So I am not merely a philosophical *commentator* on AI: I have (with colleagues and students) designed and built working systems to test out ideas, and was the main developer of a Poplog-based toolkit (SimAgent) that was used by students and researchers at Birmingham and elsewhere to explore alternative information-processing architectures for “complete” agents of varying types. I think it has important features still not found in other AI architectural tools, e.g. support for flow of symbolic or other information between subsystems of different sorts while they are processing information (a process sometimes referred to as 'barge in'), not based on adjustment of numerical parameters, and support for various kinds of meta-cognition.
Distributed Reflective Architectures for Adjustable Autonomy,
in
Proc. IJCAI 1999 Workshop on Adjustable Autonomy,
July, 1999, Stockholm, Sweden,
http://www.cs.bham.ac.uk/research/projects/cogaff/96-99.html#56
(With A.Sloman):
Autonomous recovery from hostile code insertion using distributed reflection,
Journal of Cognitive Systems Research 4, 2, 2003. pp. 89--117,
http://www.cs.bham.ac.uk/research/projects/cogaff/03.html#200301
With that background of long term goals and practical expertise, I can say with confidence that some extremely important aspects of human and animal intelligence have not been noticed by the majority of AI researchers (and many other researchers, e.g. in psychology and neuroscience). Full replication in AI systems does not seem to be close.
In most of my research, instead of focusing only on particular aspects of intelligence (vision, speech, learning, planning, manipulation, etc.) and trying to model or replicate them, I have been trying to survey a wide variety of mutually supportive aspects of intelligence that need to be characterised, explained or modelled, including forms of motivation and their effects (e.g. emotions, moods, states of grief, etc.)

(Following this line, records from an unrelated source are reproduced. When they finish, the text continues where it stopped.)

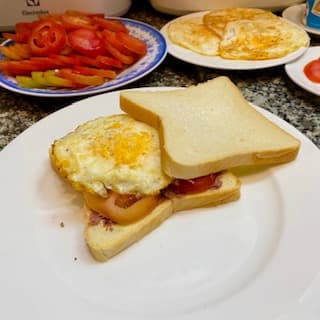 Hình ảnh Bánh mì và café A.T - 3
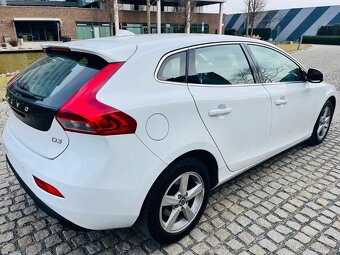 Volvo V40 2.0 D3 5VÁLEC AUTOMAT LED SERVISKA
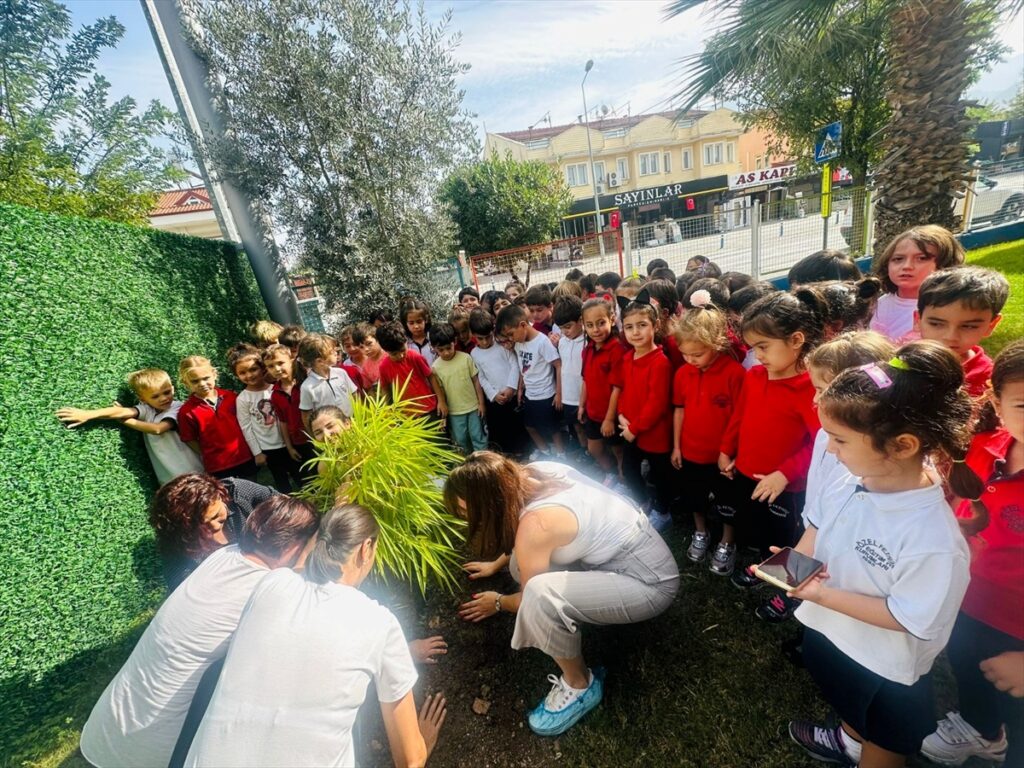 Muğla'da okul bahçelerine oyun alanı kuruluyor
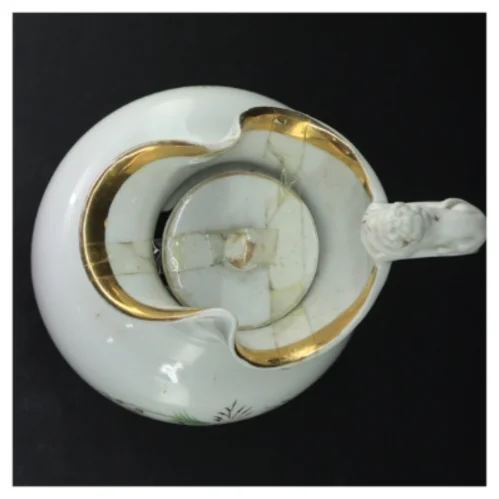 Chokoladekande med dekoration og guldkant fra B&G (str. 29 cm)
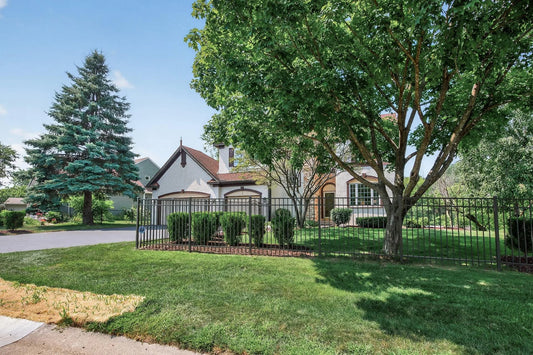 2545 Hillwood Drive, Maplewood, MN 55119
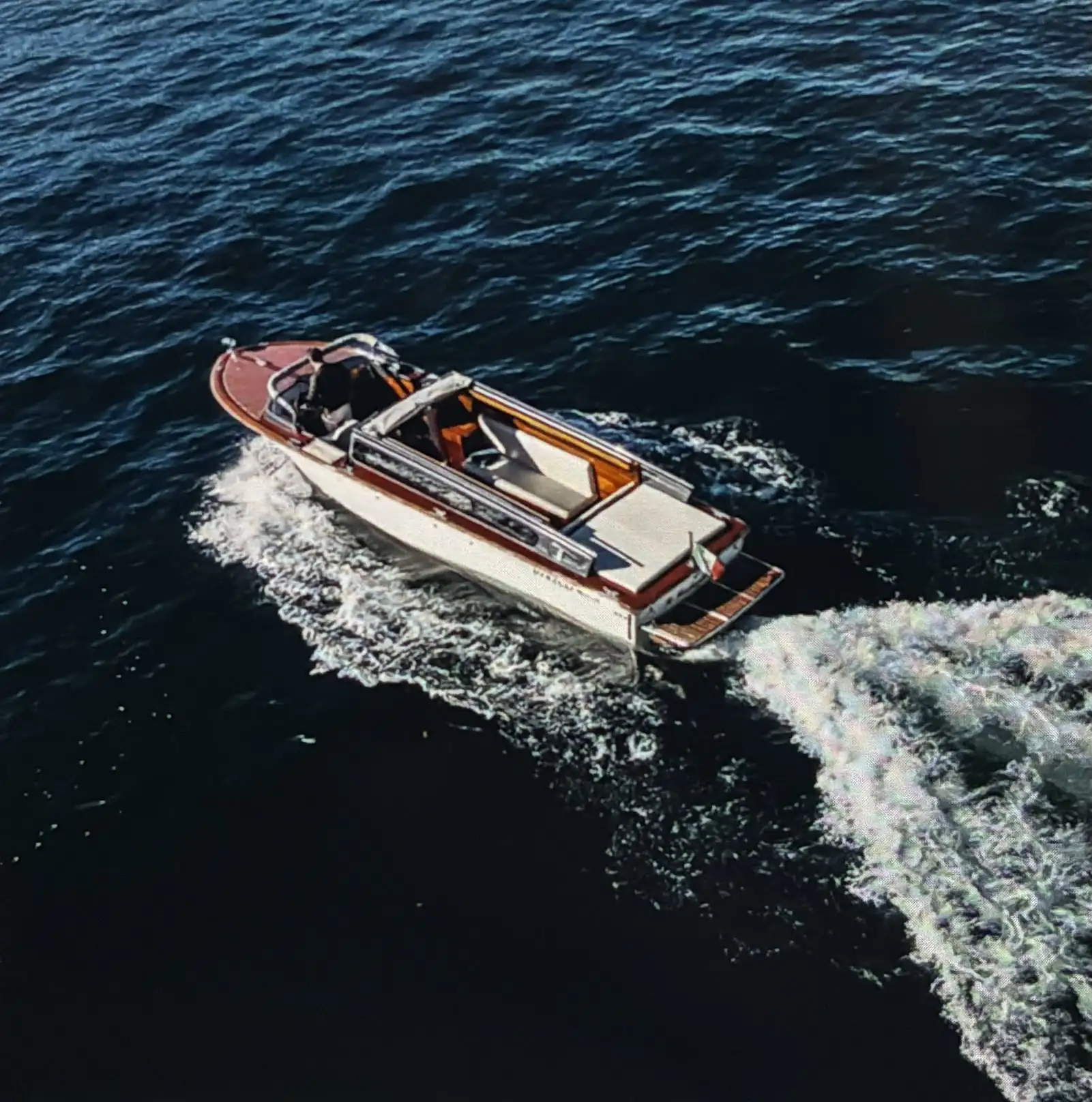 Private Luxury Wooden Boat Tour on Lake Como, Italy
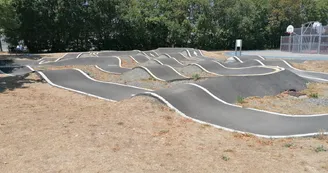 Skate park, pumptrack et terrain de pétanque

Among the particularly interesting unexplained phenomena are the kinds of discoveries that led to the production of Euclid's Elements about 2,500 years ago especially discoveries in geometry and topology. These seem to be beyond the scope of current AI systems, not just deep learning systems. Current artificial learning systems can't even make some of the discoveries made by pre-verbal human toddlers, or squirrels defeating squirrel-proof bird-feeders.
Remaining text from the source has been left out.